*Problem to work on*. Would you return the lines between the one holding "1202 W Lancaster" and the one holding "Image of New Holland LX665 equipment image 1", inclusive, and only those, exactly as they stand in the listing below?

*Records shown*.

________

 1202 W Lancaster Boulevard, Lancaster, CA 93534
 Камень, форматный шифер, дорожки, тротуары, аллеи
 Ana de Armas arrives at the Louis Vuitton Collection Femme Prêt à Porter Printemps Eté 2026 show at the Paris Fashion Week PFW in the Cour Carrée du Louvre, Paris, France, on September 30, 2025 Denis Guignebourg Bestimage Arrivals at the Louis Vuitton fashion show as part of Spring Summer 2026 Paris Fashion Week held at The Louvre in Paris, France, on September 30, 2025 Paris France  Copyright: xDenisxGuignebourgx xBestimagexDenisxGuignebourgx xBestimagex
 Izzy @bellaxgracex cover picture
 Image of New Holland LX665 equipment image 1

________

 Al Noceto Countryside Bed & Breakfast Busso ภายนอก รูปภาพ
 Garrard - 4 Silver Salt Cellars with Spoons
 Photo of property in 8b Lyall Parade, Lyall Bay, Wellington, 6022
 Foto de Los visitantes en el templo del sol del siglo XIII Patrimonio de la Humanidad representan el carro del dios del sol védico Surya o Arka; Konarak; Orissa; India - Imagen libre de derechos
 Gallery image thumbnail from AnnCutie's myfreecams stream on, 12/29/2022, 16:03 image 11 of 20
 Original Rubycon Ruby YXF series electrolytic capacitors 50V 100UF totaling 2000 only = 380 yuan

________

*Response to the exercise*.
 1202 W Lancaster Boulevard, Lancaster, CA 93534
 Камень, форматный шифер, дорожки, тротуары, аллеи
 Ana de Armas arrives at the Louis Vuitton Collection Femme Prêt à Porter Printemps Eté 2026 show at the Paris Fashion Week PFW in the Cour Carrée du Louvre, Paris, France, on September 30, 2025 Denis Guignebourg Bestimage Arrivals at the Louis Vuitton fashion show as part of Spring Summer 2026 Paris Fashion Week held at The Louvre in Paris, France, on September 30, 2025 Paris France  Copyright: xDenisxGuignebourgx xBestimagexDenisxGuignebourgx xBestimagex
 Izzy @bellaxgracex cover picture
 Image of New Holland LX665 equipment image 1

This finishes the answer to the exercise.